As I paddled in and pulled on to the marina launch ramp where my car was parked, a stern looking park ranger walked down and asked me  “Are you Kyle? We have been worrying about you. We found your car left here for days with no word to the harbor master, we looked inside and saw that we were dealing with a kayaker, and proceeded to organize a rescue!”  Fortunately, they had somehow connected with my friend Josh, who I had been communicating with, and they realized that I was fine and had no need of rescue.  I guess I should have left a note on the windshield telling them what my plan was.
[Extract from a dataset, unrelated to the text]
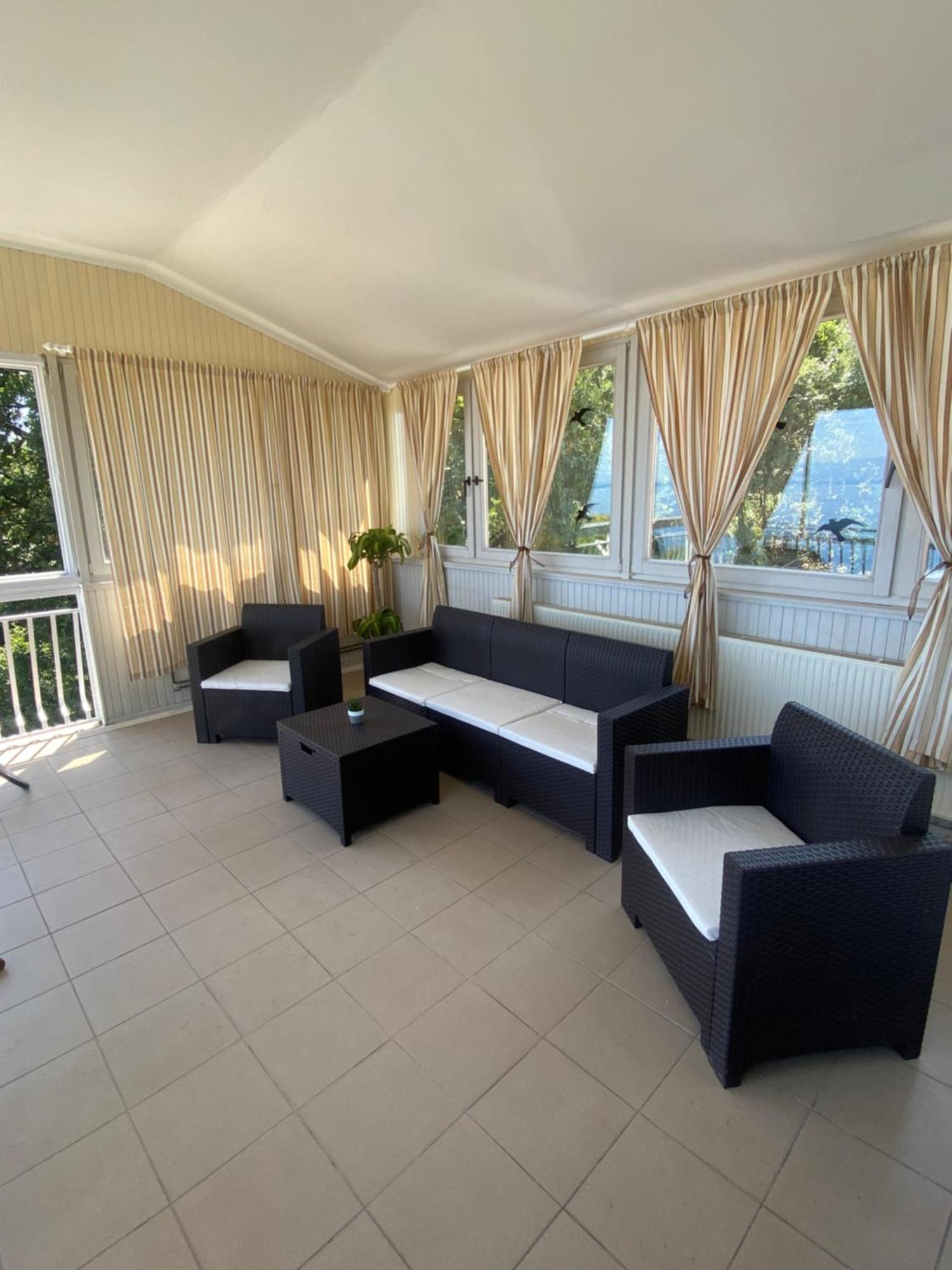 Villa Salyna Ičići المظهر الخارجي الصورة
So to my original “complaints” about GSL?  There were very few bugs, at least at this time of year, and mostly only around the marina and the Antelope island causeway, and these were non-biting brine flies.  Everywhere else was almost bug free.  Stink?  None, just good salty air.  Too salty?  The only effect of that I saw was that the cuffs of my clothes crusted up rock hard, (but then rinsed “clean” again every day.)  My zippers did seem be pretty unhappy with it.  I had to rinse them daily to keep them sliding.  Too shallow? Maybe for a sailboat with a deep keel, and yes I did have to walk my boat through the shallows to dry land, but it was no big deal.  And I never did see any mud, sucking or otherwise.  The lake bottom and beaches were either hard sand or tufa rock flats, very good walking everywhere.   
So was it as good as Baja?   Well, true, there is no spectacular sea life,  no whales, no dolphins.  But I had a grand wilderness adventure, I met wonderful, kind, warm, generous people, I enjoyed great food,  I watched the most spectacular sunsets over sparkling water with majestic mountains everywhere I looked.   No, it’s not Baja, but I can look around,  breath in a big whiff of salty air,  squint my eyes a bit, take a few shots of tequila,  and maybe not be able tell any difference.  Muy Bueno!
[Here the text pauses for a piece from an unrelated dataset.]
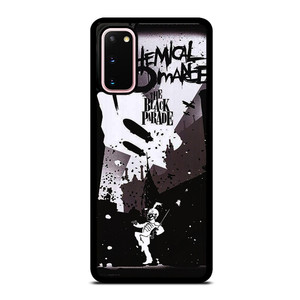 MY CHEMICAL ROMANCE ROCK Samsung Galaxy S20 Case Cover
  1. Sounds like a great adventure. I’ve done most of what you’ve done but it took me 30 years rather than a week like you did.

    I don’t know how public your blog site is but I think if people are reading it and thinking of following in your foot steps that you should mention a few things like that Freemont Island is private. Last year it was turned in to a private hunting preserve with guys running around shooting at wild imported boars. Not the kind of place one should be encouraging people to go walking.

    Also you said you camped on Antelope Island. The West side is closed to camping. This is not just some arbitrary rule. The West shore of the island is being preserved for wildlife. There has been talk of making a sail in camp at Indian Cove but to the best of knowledge this has not happened.

    Of course I must confess I’ve done exactly the same illegal things you did. But I think when you tell the world you have to be somewhat responsible.

    And one final note. A number of people over the years have died doing what you did. I also most died when a storm blew me onto Miller Point. The Lake can be a very dangerous place. And it might not hurt to remind people of that fact.
    Anyway glad you had such a great adventure. I often sail over to Stansbury Island late at night alone. And as I look behind me and realize that I’m looking at a million people I’m just blown away that I’m the only one out there enjoying this incredible lake.

  2. hi Glen, thanks so much for visiting and for the comments. wow, I had no idea here was all such restricted access. I admit I didn't do much research, I just "flew" over it on google earth to get the lay of the land, studied the weather patterns, and launched. And yes the weather can be fierce out there. Anywhere in Utah really. I had my most severe weather ever at Deer Creek once, with no warning at all, all of a sudden a micro burst came over and knocked us all down and howled for hours! S&R spent the next several hours rescuing boaters from the frigid June waters. Any boater anywhere should certainly be aware of the risks of possible ferocious weather. Hope to meet you out there some day.